» Excerpted records:
:::
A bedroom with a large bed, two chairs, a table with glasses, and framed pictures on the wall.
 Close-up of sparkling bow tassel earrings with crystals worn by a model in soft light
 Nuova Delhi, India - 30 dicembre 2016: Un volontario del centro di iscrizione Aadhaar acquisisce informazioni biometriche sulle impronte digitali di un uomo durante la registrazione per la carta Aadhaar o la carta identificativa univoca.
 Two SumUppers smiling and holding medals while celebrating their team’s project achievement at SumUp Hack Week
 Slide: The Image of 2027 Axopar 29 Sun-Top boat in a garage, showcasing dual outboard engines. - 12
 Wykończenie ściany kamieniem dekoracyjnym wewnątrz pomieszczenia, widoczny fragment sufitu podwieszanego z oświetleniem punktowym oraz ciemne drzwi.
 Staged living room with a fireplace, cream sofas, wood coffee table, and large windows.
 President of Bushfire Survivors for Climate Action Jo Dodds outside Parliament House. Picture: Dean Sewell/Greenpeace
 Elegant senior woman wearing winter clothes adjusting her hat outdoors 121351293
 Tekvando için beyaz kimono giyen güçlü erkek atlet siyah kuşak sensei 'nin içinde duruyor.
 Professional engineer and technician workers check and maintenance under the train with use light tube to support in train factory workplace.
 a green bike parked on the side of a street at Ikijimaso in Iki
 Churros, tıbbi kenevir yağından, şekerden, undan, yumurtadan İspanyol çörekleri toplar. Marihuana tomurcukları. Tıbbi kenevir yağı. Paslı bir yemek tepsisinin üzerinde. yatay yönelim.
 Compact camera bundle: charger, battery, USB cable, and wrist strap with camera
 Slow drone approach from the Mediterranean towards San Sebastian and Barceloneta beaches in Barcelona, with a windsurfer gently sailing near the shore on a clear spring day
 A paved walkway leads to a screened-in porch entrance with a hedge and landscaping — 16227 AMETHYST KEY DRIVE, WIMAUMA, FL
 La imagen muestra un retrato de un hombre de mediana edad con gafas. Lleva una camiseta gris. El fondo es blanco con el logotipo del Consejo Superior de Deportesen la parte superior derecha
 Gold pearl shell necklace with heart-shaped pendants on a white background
:::
» Aim of the task:
Transcribe the material exactly as it reads.

» Result below:
A bedroom with a large bed, two chairs, a table with glasses, and framed pictures on the wall.
 Close-up of sparkling bow tassel earrings with crystals worn by a model in soft light
 Nuova Delhi, India - 30 dicembre 2016: Un volontario del centro di iscrizione Aadhaar acquisisce informazioni biometriche sulle impronte digitali di un uomo durante la registrazione per la carta Aadhaar o la carta identificativa univoca.
 Two SumUppers smiling and holding medals while celebrating their team’s project achievement at SumUp Hack Week
 Slide: The Image of 2027 Axopar 29 Sun-Top boat in a garage, showcasing dual outboard engines. - 12
 Wykończenie ściany kamieniem dekoracyjnym wewnątrz pomieszczenia, widoczny fragment sufitu podwieszanego z oświetleniem punktowym oraz ciemne drzwi.
 Staged living room with a fireplace, cream sofas, wood coffee table, and large windows.
 President of Bushfire Survivors for Climate Action Jo Dodds outside Parliament House. Picture: Dean Sewell/Greenpeace
 Elegant senior woman wearing winter clothes adjusting her hat outdoors 121351293
 Tekvando için beyaz kimono giyen güçlü erkek atlet siyah kuşak sensei 'nin içinde duruyor.
 Professional engineer and technician workers check and maintenance under the train with use light tube to support in train factory workplace.
 a green bike parked on the side of a street at Ikijimaso in Iki
 Churros, tıbbi kenevir yağından, şekerden, undan, yumurtadan İspanyol çörekleri toplar. Marihuana tomurcukları. Tıbbi kenevir yağı. Paslı bir yemek tepsisinin üzerinde. yatay yönelim.
 Compact camera bundle: charger, battery, USB cable, and wrist strap with camera
 Slow drone approach from the Mediterranean towards San Sebastian and Barceloneta beaches in Barcelona, with a windsurfer gently sailing near the shore on a clear spring day
 A paved walkway leads to a screened-in porch entrance with a hedge and landscaping — 16227 AMETHYST KEY DRIVE, WIMAUMA, FL
 La imagen muestra un retrato de un hombre de mediana edad con gafas. Lleva una camiseta gris. El fondo es blanco con el logotipo del Consejo Superior de Deportesen la parte superior derecha
 Gold pearl shell necklace with heart-shaped pendants on a white background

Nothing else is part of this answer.